------ SOURCE MATERIAL ------

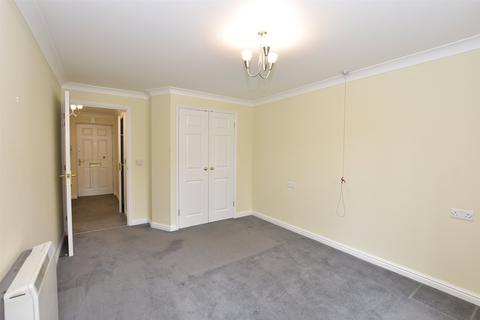 1 bedroom apartment for sale, Massetts Road, Surrey RH6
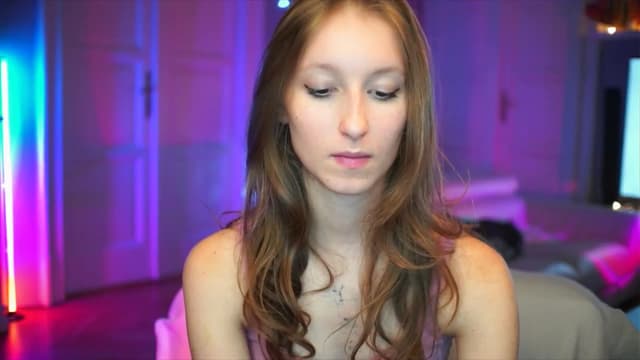 Gallery image thumbnail from Kira9's myfreecams stream on, 10/05/2025, 18:50 image 4 of 20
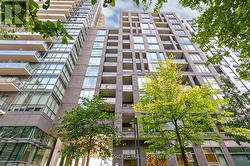 211 - 20 MINOWAN MIIKAN LANE W Toronto, ON M6J 0E5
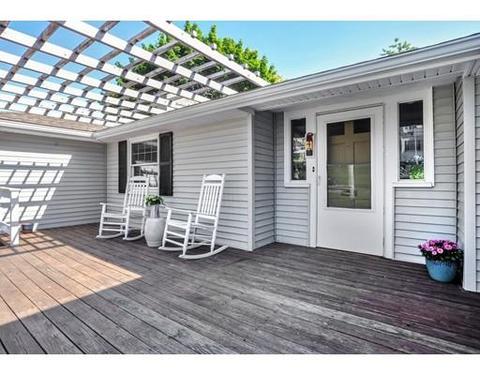 43 Governor Long Rd, Hingham, MA 02043 photo 2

------

The pictures are to be omitted, and the rest of the listing is to be transcribed exactly.

 1 bedroom apartment for sale, Massetts Road, Surrey RH6
 Gallery image thumbnail from Kira9's myfreecams stream on, 10/05/2025, 18:50 image 4 of 20
 211 - 20 MINOWAN MIIKAN LANE W Toronto, ON M6J 0E5
 43 Governor Long Rd, Hingham, MA 02043 photo 2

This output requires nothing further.